=== Available records ===

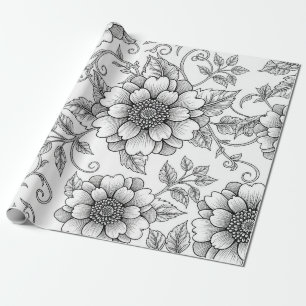 Elegant Black White Floral Line Art Pattern (7) Wrapping Paper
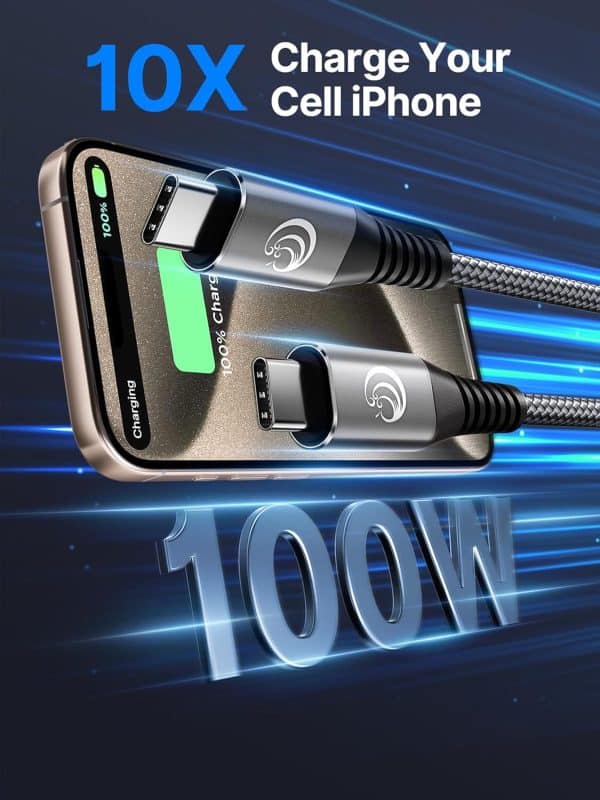 USB-C to USB-C 100W Cable 10FT 2-Pack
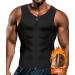Yokald men's sauna sweat vest zipper suit neoprene corset fitness shapewear compression waist trainer top body former for workout black xl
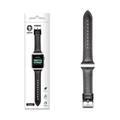 Green Lion Genuine Leather Watch Strap Compatible for Apple Watch 44mm, Fit & Comfortable Replacement Wrist Band, Adjustable Straps - Black
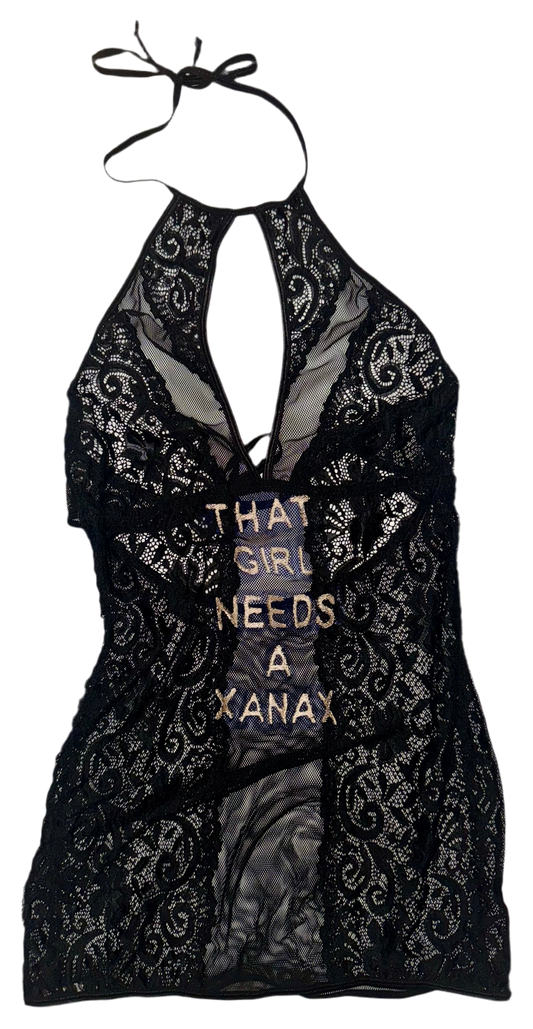 That girl needs a Xanax sheer lace dress S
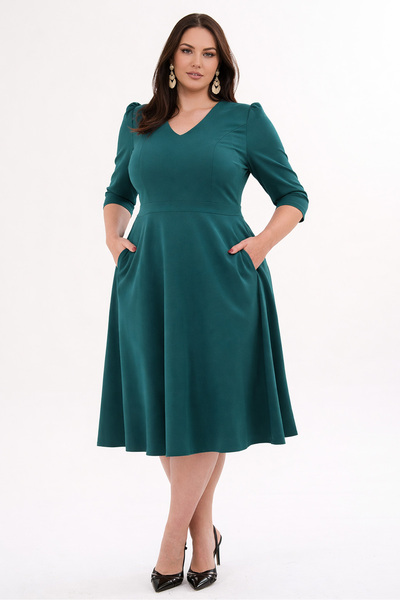 RURIS Women's Emerald Green V-Neck Pocketed Three-Quarter Sleeve Midi Flared ...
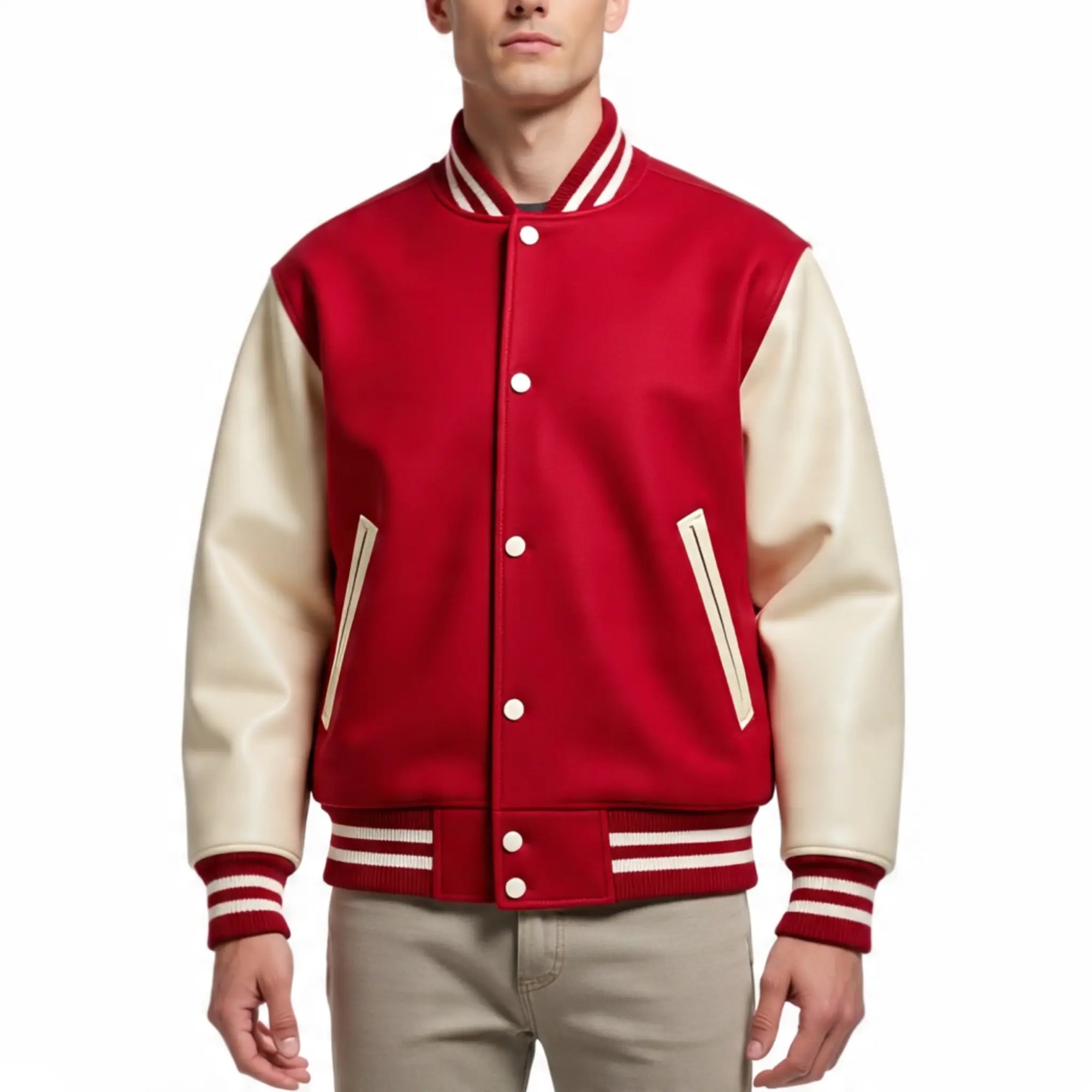 Red and cream varsity jacket worn by a person on a white background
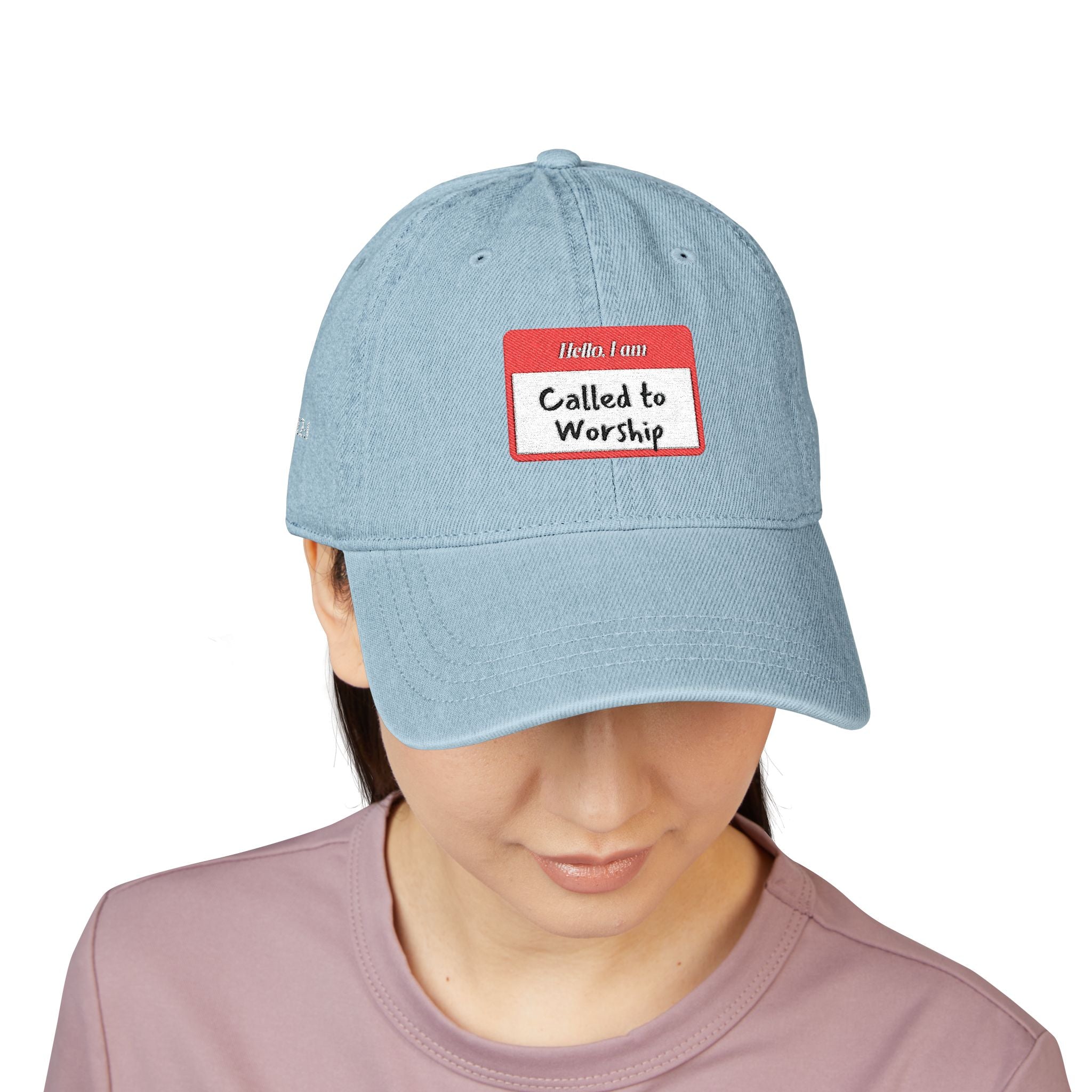 Called to Worship Embroidered Denim Hat, Faith Hat, Religious Gift, Christian Apparel, Church Accessory, Casual Style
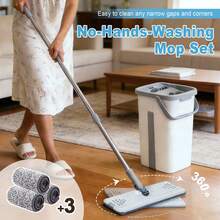 Commercial Dust Mops With Bucket, White Spin Mop With 3 Replacement Pads, Adjustable Stainless Steel Handle, Easy To Use For Home And Business Cleaning, Perfect For Floors, Kitchen, And Office - Magic Mop - View 4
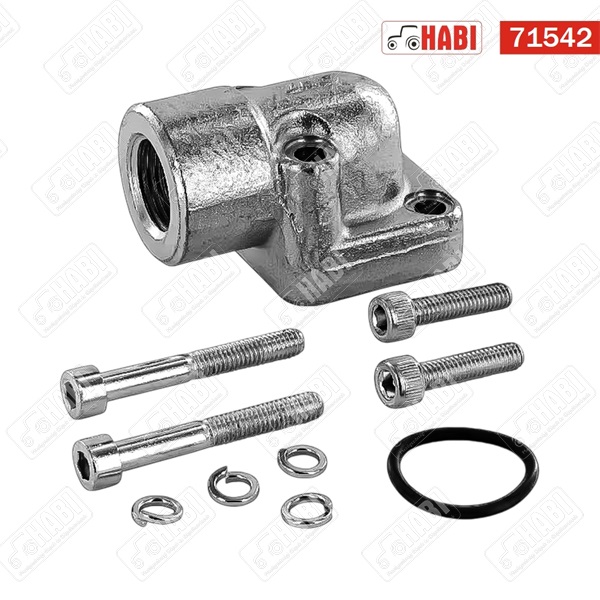 Szivattyú csatlakozó idom 90° osztókör 40mm M6 1/2"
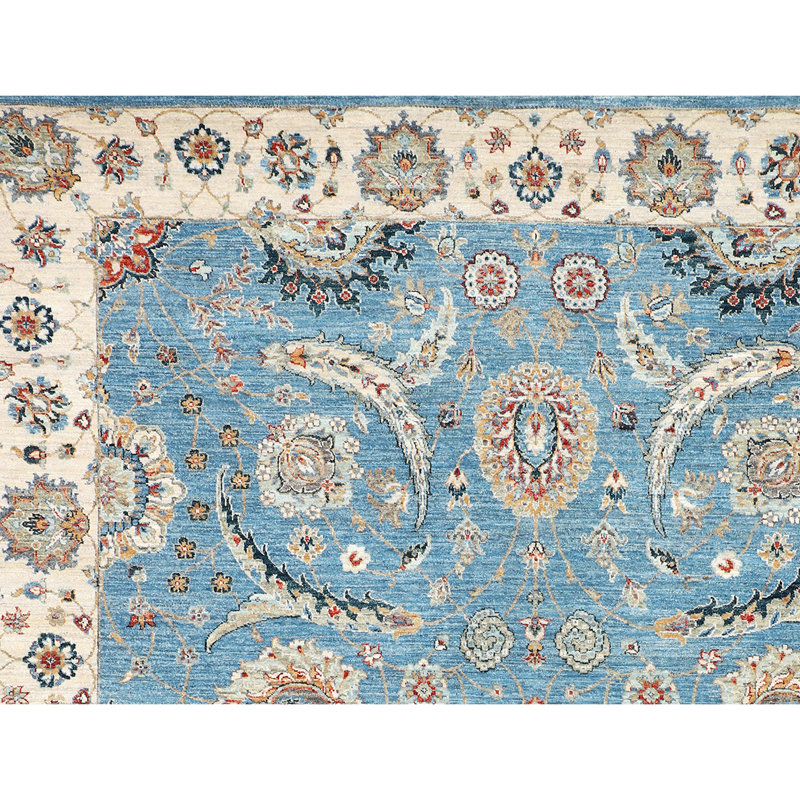 High-Quality Hand-Knotted Blue And Beige Area Rug, Rectangle 5' x 8'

===

▶ _Your instructions_
Return the material verbatim; the images are not to appear in the copy.

▶ _Answer to the problem_
 Elegant Black White Floral Line Art Pattern (7) Wrapping Paper
 USB-C to USB-C 100W Cable 10FT 2-Pack
Yokald men's sauna sweat vest zipper suit neoprene corset fitness shapewear compression waist trainer top body former for workout black xl
 Green Lion Genuine Leather Watch Strap Compatible for Apple Watch 44mm, Fit & Comfortable Replacement Wrist Band, Adjustable Straps - Black
 That girl needs a Xanax sheer lace dress S
 RURIS Women's Emerald Green V-Neck Pocketed Three-Quarter Sleeve Midi Flared ...
 Red and cream varsity jacket worn by a person on a white background
 Called to Worship Embroidered Denim Hat, Faith Hat, Religious Gift, Christian Apparel, Church Accessory, Casual Style
 Commercial Dust Mops With Bucket, White Spin Mop With 3 Replacement Pads, Adjustable Stainless Steel Handle, Easy To Use For Home And Business Cleaning, Perfect For Floors, Kitchen, And Office - Magic Mop - View 4
 Szivattyú csatlakozó idom 90° osztókör 40mm M6 1/2"
 High-Quality Hand-Knotted Blue And Beige Area Rug, Rectangle 5' x 8'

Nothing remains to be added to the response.